What file permissions to use to get our PHP scripts communicating?

Forum Moderators: mack

Message Too Old, No Replies

What file permissions to use to get our PHP scripts communicating?

PHP scripts and file permissions.

QLifeTilt

9:47 pm on Nov 30, 2008 (gmt 0)

We have files on our server that we'd like to be able to update via a PHP script. I've heard the horror stories of using 777 permissions, but I don't see any other way around it.

We've tried the secure way, using 755 directories and 644 files, but our scripts can't edit these files, unfortunately.

Would it be safe to update files with 777 permission within a 755 directory owned by eproxim? Or what about 766 files, would that be safe?

Another issue we're running into is that we must keep the ability to use a regular FTP client if we need to.

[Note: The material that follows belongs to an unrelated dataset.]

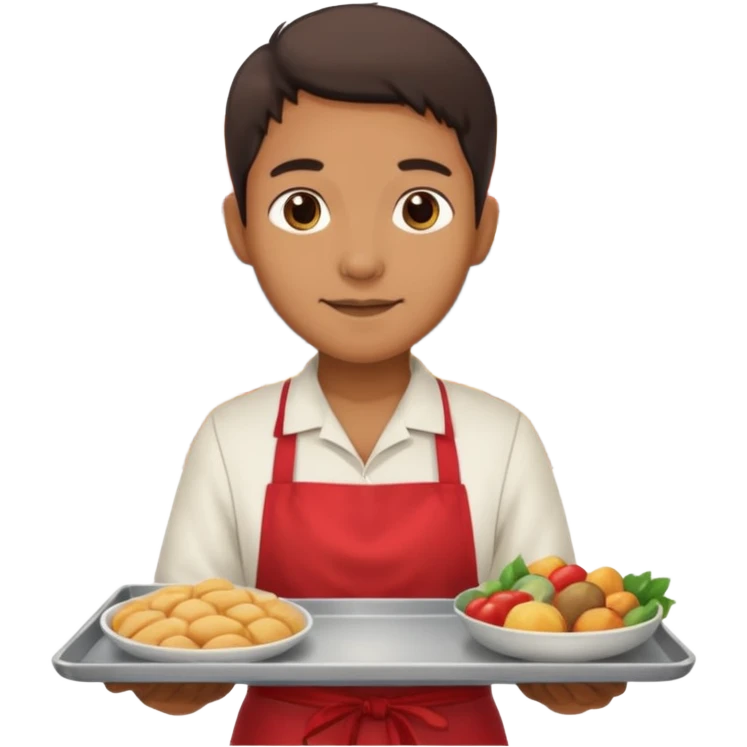  Night Market Vendor  emoji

Depending on the permissions, sometimes using a regular FTP client won't let us edit these files.

Thanks SO much in advance for any help you guys can give me :P

QLifeTilt

3:12 am on Dec 1, 2008 (gmt 0)

One of our programmers just informed me that the script will work with 766 or 666 files in a 755 directory. Is this secure?

QLifeTilt

7:48 pm on Dec 1, 2008 (gmt 0)

anyone? I'm lost :/

coopster

8:42 pm on Dec 1, 2008 (gmt 0)

I seen the similar thread over in the *nix forum: 755 Security Holes? [webmasterworld.com]

It comes down to the permissions. The web server will run as a certain user and access to read/write/execute files from the browser will pertain to that user. Once you have the user(s) figured out, grant the permissions as necessary and you should be good to go.

There was a discussion once in the PHP forums regarding permissions for directories that needed write access, like file uploads for example. Here it is:
[webmasterworld.com...]

There is some good reading in there as well.